_REQUIRED ACTION_
Copy the listing exactly, leaving out every picture.

_INPUT DATA_

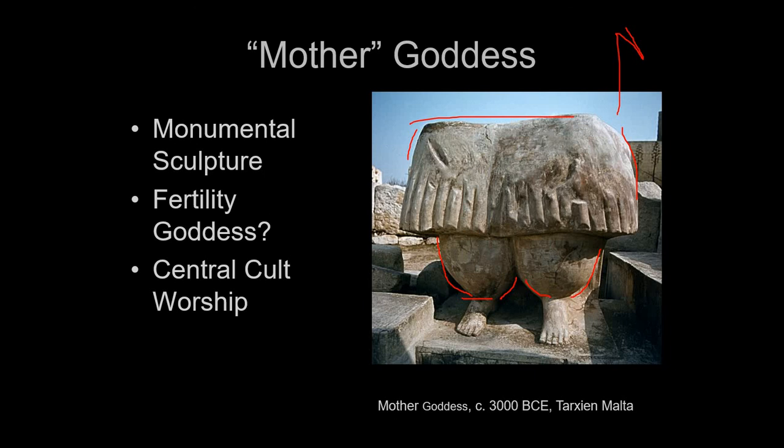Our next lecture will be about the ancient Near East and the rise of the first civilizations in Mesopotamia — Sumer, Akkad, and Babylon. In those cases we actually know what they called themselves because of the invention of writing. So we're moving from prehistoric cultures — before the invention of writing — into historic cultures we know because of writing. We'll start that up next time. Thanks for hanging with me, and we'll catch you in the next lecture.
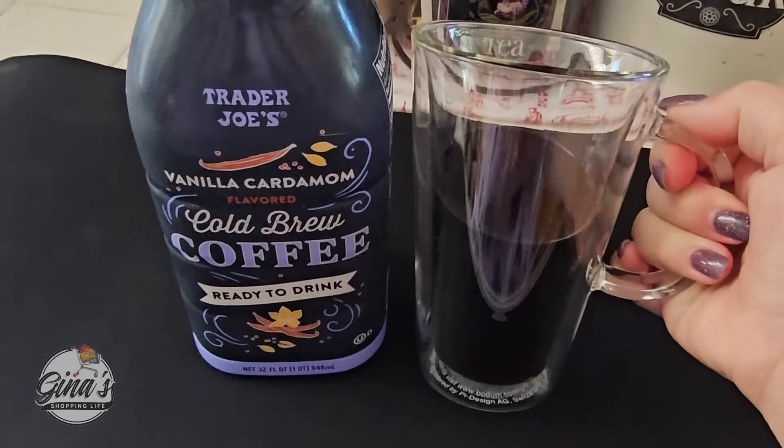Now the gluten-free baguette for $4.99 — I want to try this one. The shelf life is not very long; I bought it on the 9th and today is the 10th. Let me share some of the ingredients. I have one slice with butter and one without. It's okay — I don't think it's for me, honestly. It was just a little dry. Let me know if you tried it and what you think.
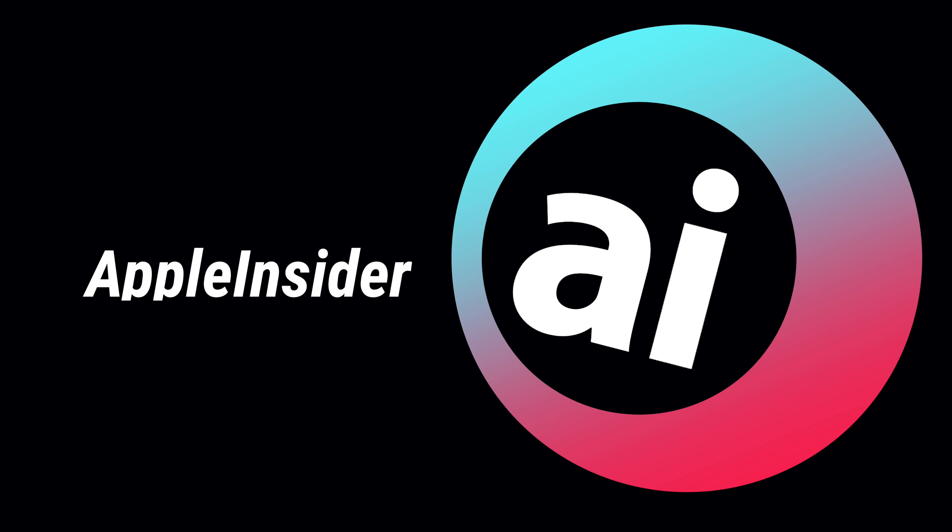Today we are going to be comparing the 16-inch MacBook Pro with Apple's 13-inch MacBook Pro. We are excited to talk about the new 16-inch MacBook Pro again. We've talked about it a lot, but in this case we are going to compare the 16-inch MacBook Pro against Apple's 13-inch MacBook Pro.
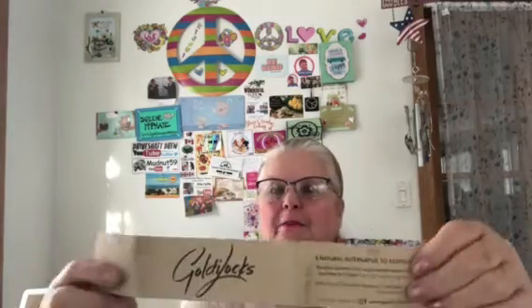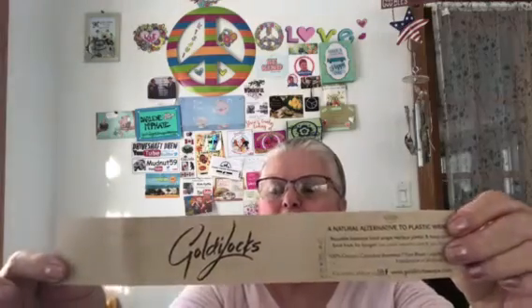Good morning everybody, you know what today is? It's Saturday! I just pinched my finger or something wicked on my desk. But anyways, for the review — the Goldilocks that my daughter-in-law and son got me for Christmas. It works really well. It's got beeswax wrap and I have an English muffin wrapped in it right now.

_OUTPUT OF THE EXERCISE_
Our next lecture will be about the ancient Near East and the rise of the first civilizations in Mesopotamia — Sumer, Akkad, and Babylon. In those cases we actually know what they called themselves because of the invention of writing. So we're moving from prehistoric cultures — before the invention of writing — into historic cultures we know because of writing. We'll start that up next time. Thanks for hanging with me, and we'll catch you in the next lecture.
Now the gluten-free baguette for $4.99 — I want to try this one. The shelf life is not very long; I bought it on the 9th and today is the 10th. Let me share some of the ingredients. I have one slice with butter and one without. It's okay — I don't think it's for me, honestly. It was just a little dry. Let me know if you tried it and what you think.
Today we are going to be comparing the 16-inch MacBook Pro with Apple's 13-inch MacBook Pro. We are excited to talk about the new 16-inch MacBook Pro again. We've talked about it a lot, but in this case we are going to compare the 16-inch MacBook Pro against Apple's 13-inch MacBook Pro.
Good morning everybody, you know what today is? It's Saturday! I just pinched my finger or something wicked on my desk. But anyways, for the review — the Goldilocks that my daughter-in-law and son got me for Christmas. It works really well. It's got beeswax wrap and I have an English muffin wrapped in it right now.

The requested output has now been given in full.